Megalodon's teeth reveal extinction cause?

By examining the gnashers of the giant shark, its place in the food chain has been unveiled...
07 June 2022

Interview with 

Jeremy McCormack, Max Planck Institute


Now, scientists believe that they can ascertain prehistoric food chains by looking more closely at the chemical composition of their teeth. Jeremy McCormack from the Max Planck Institute for Evolutionary Anthropology, believes his recent study of the giant Megalodon’s giant gnashers could lead us to the cause of its demise. Harry Lewis reports...

Jeremy - They went extinct around 3.6 million years ago, and they had a worldwide distribution. It is the last member of the so-called mega tooth lineage. And the megalodon itself could have potentially reached sizes of up to 20 meters in total length.

Harry - You were able to compare the diets of different shark species, including that of the great white shark and the megalodon, because they were at one point in time, both swimming around together, and you've used zinc isotopes to do that. How can those isotopes help?

Jeremy - An isotope of course the same element, but with a different mass. So we look at the ratio of the heavier zinc to the lighter zinc in the mineral of these teeth, and this ratio tells us how far up a food chain an animal was feeding. The way this works is that the zinc isotope ratio changes as we move along the food chain within the vertebrae remains of different animals.

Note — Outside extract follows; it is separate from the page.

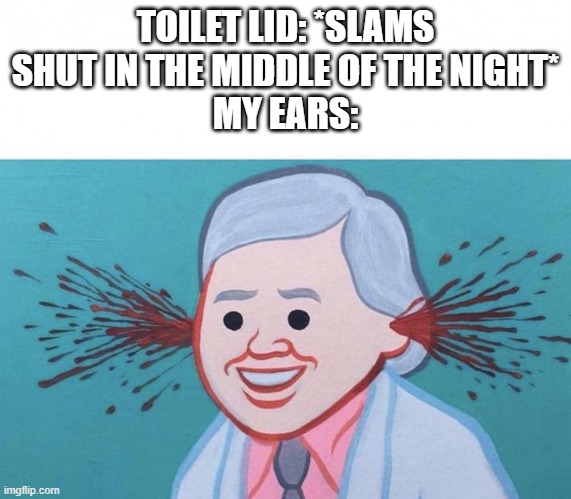 Ear Bleed | TOILET LID: *SLAMS SHUT IN THE MIDDLE OF THE NIGHT*
MY EARS: | image tagged in ear bleed | made w/ Imgflip meme maker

Harry - Right. And why is it that teeth make for such good samples?

Jeremy - So we look at teeth because teeth are very well preserved as fossils over millions of years. And because zinc is incorporated into this mineral phase of teeth, we basically can look back millions of years, study the diet along extinct animals.

Harry - Were there any similarities then between the diets of great whites and Megalodons?

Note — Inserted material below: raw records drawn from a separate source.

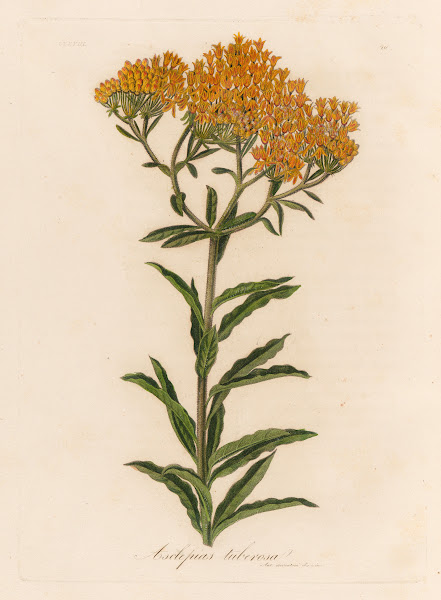 Asclepias tuberosa 1818 1824
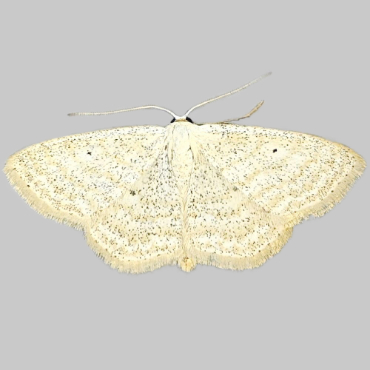 Picture of Lesser Cream Wave - Scopula immutata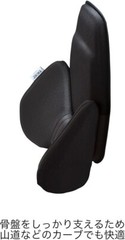 EXGEL Hug Drive Back Cushion Polyester Black Adjustable Pelvic Support HUD01-BK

Jeremy - There is this hypothesis that the emergence of the great white shark during the early Pliocene led to competition for dietary resources between megalodons and great white sharks and our zinc isotope results show that both species fed on a similar trophic level. And now this does not necessarily imply competition, but it really doesn't reject the hypothesis of competition between both species.

Harry - I've got you. So they could have been eating pretty similar prey. Can we guess at where the diets of these two sharks may have crossed over?

Jeremy - So from fossil evidence, we know that both species, at least occasionally fed on marine mammals. So these included both toothed and baleen whales, although the baleen whales back then were much smaller than they are today. Um, but such kind of fossil evidence is rare, and it only gives us a snapshot of predator-pray interaction and does not give us the information about the regular diet of these species.

Harry - And of course, what makes it so fascinating is it's the first time that this method using zinc isotopes to infer one's position in the food chain has been used on such old samples. So there must be quite a lot more to come. This is an exciting time?

Jeremy - Yeah, that is ultimately the goal to use this new method, to investigate the diet ecology of longing animals, which obviously has important implications for their evolution. But in some cases also their extinction.